Recreated from [21] using the in silico NLIF neuron. The solid line is the First Passage Time Probability Density (Likelihood) of the NLIF firing computed with Monte Carlo simulations (30 000 iterations). The dashed line is the best fit of a normal probability distribution and the dot-dashed line is the best fit of a lognormal probability distribution. It is easily seen that the lognormal distribution approximates the likelihood much better than the normal distribution.

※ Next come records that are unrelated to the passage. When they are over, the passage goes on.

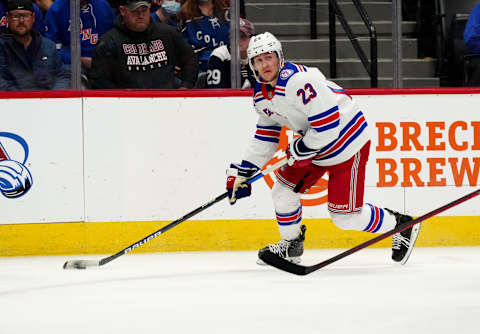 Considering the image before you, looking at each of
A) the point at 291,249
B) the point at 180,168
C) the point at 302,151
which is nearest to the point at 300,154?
the point at 302,151

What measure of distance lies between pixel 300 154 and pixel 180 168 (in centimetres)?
115

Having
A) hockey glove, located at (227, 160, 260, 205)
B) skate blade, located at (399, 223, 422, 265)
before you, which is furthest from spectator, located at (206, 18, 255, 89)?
skate blade, located at (399, 223, 422, 265)

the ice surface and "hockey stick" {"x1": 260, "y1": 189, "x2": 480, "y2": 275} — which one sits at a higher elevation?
"hockey stick" {"x1": 260, "y1": 189, "x2": 480, "y2": 275}

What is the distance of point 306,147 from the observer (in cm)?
372

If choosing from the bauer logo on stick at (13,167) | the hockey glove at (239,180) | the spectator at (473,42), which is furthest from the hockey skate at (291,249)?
the spectator at (473,42)

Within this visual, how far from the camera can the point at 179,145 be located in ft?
15.5

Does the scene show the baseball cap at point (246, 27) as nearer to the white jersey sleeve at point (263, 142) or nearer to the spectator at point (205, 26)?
the spectator at point (205, 26)

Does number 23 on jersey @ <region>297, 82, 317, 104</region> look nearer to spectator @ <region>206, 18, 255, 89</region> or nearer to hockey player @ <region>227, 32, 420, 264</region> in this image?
hockey player @ <region>227, 32, 420, 264</region>

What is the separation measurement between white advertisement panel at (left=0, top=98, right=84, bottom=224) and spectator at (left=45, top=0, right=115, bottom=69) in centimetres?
29

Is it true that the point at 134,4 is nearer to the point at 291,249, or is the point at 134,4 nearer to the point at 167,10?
the point at 167,10

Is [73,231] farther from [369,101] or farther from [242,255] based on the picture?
[369,101]

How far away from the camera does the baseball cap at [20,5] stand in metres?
4.57

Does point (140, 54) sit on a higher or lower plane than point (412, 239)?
higher

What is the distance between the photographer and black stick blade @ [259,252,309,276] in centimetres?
381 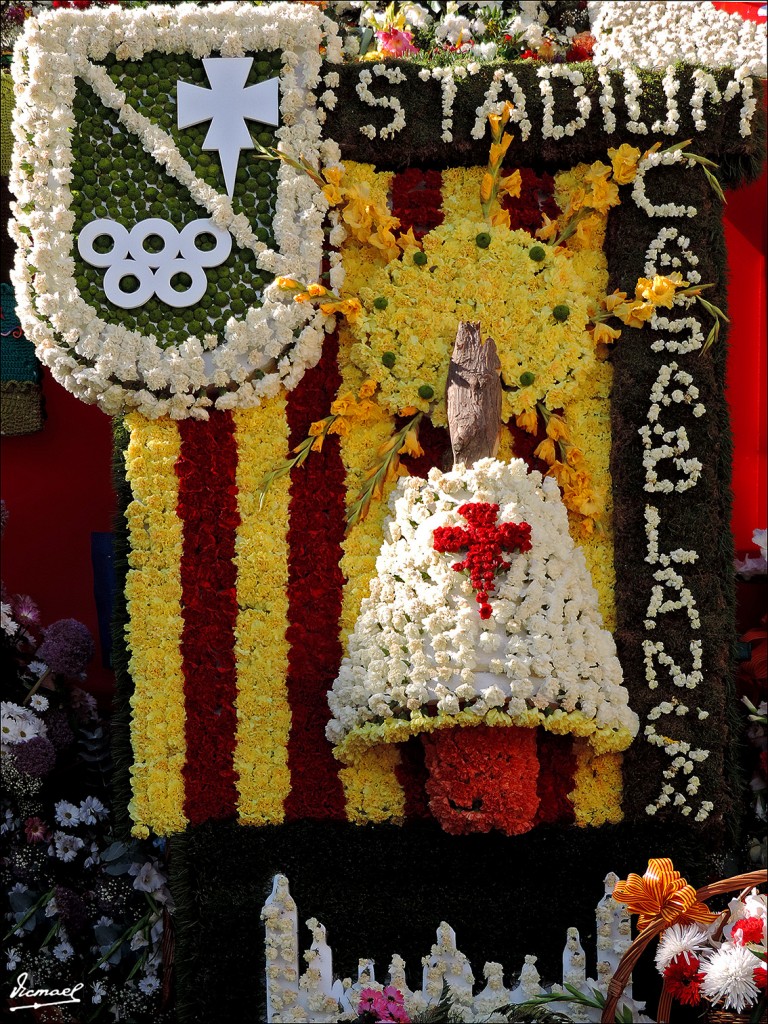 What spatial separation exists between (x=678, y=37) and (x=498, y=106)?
2.46ft

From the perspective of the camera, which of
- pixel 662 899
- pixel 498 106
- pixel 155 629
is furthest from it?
pixel 498 106

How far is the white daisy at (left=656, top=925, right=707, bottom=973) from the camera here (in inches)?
131

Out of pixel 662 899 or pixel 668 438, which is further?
pixel 668 438

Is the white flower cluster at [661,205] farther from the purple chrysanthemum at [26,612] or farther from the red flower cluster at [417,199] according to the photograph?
the purple chrysanthemum at [26,612]

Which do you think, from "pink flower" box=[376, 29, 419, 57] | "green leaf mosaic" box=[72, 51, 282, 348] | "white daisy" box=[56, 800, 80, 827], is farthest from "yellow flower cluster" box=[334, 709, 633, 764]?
"pink flower" box=[376, 29, 419, 57]

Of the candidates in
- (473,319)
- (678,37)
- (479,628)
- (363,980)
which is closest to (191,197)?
(473,319)

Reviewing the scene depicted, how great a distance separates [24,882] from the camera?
14.2 ft

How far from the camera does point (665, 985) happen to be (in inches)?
132

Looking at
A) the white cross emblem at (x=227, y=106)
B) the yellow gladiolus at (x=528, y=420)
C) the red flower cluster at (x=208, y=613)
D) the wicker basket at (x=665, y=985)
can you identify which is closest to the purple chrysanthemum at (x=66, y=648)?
the red flower cluster at (x=208, y=613)

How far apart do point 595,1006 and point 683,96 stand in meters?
2.93

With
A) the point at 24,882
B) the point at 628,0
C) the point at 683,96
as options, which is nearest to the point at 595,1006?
the point at 24,882

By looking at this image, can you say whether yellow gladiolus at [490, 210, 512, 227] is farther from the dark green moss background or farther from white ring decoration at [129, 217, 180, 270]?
white ring decoration at [129, 217, 180, 270]

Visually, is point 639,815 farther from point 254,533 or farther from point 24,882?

A. Configuring the NLIF Neuron for Bursting
To test the TRD method a very similar experiment to that used to test the Maximum Likelihood algorithm was conducted. Again the neuron’s parameters were hand tuned so that the model exhibits a rhythmic bursting pattern. The ISI’s of the burst were recorded and used as the target ISI’s. In this experiment the parameters X = {Vreset Iext, A1, A2, R1, R2} were optimized. The initial values of A1, A2, R1, R2 and were all set to zero and the remaining parameters were randomly assigned to fall on either the high or low boundary of their normal operating range. This range was chosen such that all transistors were kept in their desired operating modes as determined through schematic simulation. This ensured that the initial condition resulted in the neuron spiking at a rate far away from that observed in the desired bursting pattern and with no spike induced currents As discussed in Section II, where possible, existing knowledge of the neuron to be modeled should be taken into consideration. The synaptic time constants are often known and so the time constants of the spike induced currents were not added as free parameters to the model. The time constant of the excitatory spike induced current, I1, was set to 10 ms and the time constant of the inhibitory spike induced current, I2, was set to 50 ms.
As shown in (4), the silicon neuron is intrinsically noisy. Consequently, there is a chance that parameters which on average are a good solution for the model may appear as a bad solution. Similarly, there is a chance that parameters which on average are a bad solution for the model may appear as a good solution. Two steps were taken to avoid the noise induced local minima in the optimization process. Firstly, each ISI was simulated 5 times and the average ISI was used to calculate the TRD. Secondly, a stochastic simplex based optimization algorithm called SIMPSA (Simplex-Simulated Annealing) was used. This algorithm is described in Cardoso et al. [36] and can be downloaded from http://biomath.ugent.be/brecht/down-loads.html. The stochasticity of the algorithm allows it to escape local minima.
VI. Results
A. Maximum Likelihood
The results of the Maximum Likelihood parameter estimation are shown in Fig. 3. The desired spike times are shown in the top row and the predicted spike times are shown below where each row represents a new trial. It can be seen that the predicted spike times match the desired spike times almost identically and on average (i.e., across all 10 trials) the predicted spike trains are within 4% of the desired spike trains
Fig. 3.
Raster plot showing the desired spike times (top row) against ten repeats of predicted spike times from the Maximum Likelihood parameter estimation experiment. Note the variability between predicted spike trains as a result of noise in the system.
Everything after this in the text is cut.